* EXERCISE OBJECTIVE: Starting at the line that contains "Angel of My Dreams Framed canvas" and ending at the line that contains "PHONEFIX USB Тестер", the lines below are to be given again exactly, with nothing added.

* RECORDS PROVIDED:
···

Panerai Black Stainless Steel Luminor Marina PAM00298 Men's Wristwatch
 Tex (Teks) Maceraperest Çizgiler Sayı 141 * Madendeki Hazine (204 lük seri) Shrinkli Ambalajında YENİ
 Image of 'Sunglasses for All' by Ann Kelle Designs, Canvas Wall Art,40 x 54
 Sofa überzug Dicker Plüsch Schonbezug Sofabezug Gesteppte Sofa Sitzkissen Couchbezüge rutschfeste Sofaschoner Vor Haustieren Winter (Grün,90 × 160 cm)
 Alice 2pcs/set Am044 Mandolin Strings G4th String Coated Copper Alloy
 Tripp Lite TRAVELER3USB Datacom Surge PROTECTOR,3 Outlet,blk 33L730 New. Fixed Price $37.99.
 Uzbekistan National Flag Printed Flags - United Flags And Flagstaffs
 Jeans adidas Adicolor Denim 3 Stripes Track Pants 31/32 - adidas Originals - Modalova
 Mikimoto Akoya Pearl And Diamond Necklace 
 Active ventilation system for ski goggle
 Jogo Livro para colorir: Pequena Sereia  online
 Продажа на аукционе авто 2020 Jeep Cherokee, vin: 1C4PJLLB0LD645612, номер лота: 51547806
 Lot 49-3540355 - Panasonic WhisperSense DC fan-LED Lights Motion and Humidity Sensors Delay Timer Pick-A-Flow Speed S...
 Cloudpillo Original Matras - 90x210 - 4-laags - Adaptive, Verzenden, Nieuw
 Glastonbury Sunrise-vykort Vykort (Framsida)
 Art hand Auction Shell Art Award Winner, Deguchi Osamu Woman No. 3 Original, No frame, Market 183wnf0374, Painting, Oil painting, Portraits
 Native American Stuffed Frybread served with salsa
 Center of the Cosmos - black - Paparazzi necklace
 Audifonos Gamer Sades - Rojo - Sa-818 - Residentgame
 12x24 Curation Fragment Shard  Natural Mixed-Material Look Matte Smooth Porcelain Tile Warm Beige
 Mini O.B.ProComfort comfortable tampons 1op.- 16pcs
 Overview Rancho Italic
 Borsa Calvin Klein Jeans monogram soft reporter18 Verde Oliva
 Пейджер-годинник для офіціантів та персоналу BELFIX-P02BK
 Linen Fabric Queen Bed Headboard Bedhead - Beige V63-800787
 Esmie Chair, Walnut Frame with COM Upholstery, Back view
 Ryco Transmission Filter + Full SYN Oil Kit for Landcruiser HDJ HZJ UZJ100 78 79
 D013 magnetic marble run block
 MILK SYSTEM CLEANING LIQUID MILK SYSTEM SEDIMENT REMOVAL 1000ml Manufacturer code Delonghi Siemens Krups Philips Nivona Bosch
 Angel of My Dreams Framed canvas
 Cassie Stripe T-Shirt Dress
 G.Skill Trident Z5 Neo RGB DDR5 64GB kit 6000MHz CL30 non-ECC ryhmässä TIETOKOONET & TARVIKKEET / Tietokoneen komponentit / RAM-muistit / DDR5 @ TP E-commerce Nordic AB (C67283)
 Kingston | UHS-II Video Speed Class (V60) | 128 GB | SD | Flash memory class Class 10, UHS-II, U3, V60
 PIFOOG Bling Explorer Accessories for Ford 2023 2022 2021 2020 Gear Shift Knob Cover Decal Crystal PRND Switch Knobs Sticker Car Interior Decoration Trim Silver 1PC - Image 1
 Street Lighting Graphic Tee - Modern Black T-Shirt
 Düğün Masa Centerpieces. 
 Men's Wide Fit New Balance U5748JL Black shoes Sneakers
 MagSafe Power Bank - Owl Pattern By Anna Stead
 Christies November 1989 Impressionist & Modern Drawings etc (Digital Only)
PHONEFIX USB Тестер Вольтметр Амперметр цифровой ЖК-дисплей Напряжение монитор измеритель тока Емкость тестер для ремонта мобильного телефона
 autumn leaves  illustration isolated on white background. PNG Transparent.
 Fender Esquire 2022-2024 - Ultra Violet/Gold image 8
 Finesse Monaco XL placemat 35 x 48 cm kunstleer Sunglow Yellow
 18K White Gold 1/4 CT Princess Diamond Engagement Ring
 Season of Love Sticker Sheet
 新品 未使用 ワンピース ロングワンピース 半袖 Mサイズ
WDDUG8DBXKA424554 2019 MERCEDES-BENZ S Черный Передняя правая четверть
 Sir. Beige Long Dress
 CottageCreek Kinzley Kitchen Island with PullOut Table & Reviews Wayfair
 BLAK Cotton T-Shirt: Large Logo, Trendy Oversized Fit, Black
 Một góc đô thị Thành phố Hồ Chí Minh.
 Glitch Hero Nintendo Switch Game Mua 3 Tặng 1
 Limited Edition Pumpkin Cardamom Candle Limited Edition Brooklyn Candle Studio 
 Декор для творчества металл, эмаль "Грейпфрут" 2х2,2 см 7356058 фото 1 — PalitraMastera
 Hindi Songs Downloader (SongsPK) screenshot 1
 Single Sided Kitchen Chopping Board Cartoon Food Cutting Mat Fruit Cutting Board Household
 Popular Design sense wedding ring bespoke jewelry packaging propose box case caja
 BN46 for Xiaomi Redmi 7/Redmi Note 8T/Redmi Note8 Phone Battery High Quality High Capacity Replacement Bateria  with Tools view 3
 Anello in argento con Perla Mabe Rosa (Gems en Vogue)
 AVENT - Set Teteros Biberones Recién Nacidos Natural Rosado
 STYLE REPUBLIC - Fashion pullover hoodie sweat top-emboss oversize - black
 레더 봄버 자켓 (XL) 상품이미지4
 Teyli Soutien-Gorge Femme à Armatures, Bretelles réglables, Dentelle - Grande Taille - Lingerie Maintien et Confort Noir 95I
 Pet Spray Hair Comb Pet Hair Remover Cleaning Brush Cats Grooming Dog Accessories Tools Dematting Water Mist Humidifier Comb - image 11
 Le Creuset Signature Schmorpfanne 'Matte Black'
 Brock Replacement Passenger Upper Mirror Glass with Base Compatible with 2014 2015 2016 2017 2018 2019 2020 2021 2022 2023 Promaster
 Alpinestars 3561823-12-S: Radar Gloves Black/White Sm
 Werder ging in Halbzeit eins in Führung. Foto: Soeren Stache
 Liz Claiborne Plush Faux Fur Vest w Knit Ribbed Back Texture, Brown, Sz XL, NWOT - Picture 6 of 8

···

* OUTPUT FOR THIS EXERCISE:
 Angel of My Dreams Framed canvas
 Cassie Stripe T-Shirt Dress
 G.Skill Trident Z5 Neo RGB DDR5 64GB kit 6000MHz CL30 non-ECC ryhmässä TIETOKOONET & TARVIKKEET / Tietokoneen komponentit / RAM-muistit / DDR5 @ TP E-commerce Nordic AB (C67283)
 Kingston | UHS-II Video Speed Class (V60) | 128 GB | SD | Flash memory class Class 10, UHS-II, U3, V60
 PIFOOG Bling Explorer Accessories for Ford 2023 2022 2021 2020 Gear Shift Knob Cover Decal Crystal PRND Switch Knobs Sticker Car Interior Decoration Trim Silver 1PC - Image 1
 Street Lighting Graphic Tee - Modern Black T-Shirt
 Düğün Masa Centerpieces. 
 Men's Wide Fit New Balance U5748JL Black shoes Sneakers
 MagSafe Power Bank - Owl Pattern By Anna Stead
 Christies November 1989 Impressionist & Modern Drawings etc (Digital Only)
PHONEFIX USB Тестер Вольтметр Амперметр цифровой ЖК-дисплей Напряжение монитор измеритель тока Емкость тестер для ремонта мобильного телефона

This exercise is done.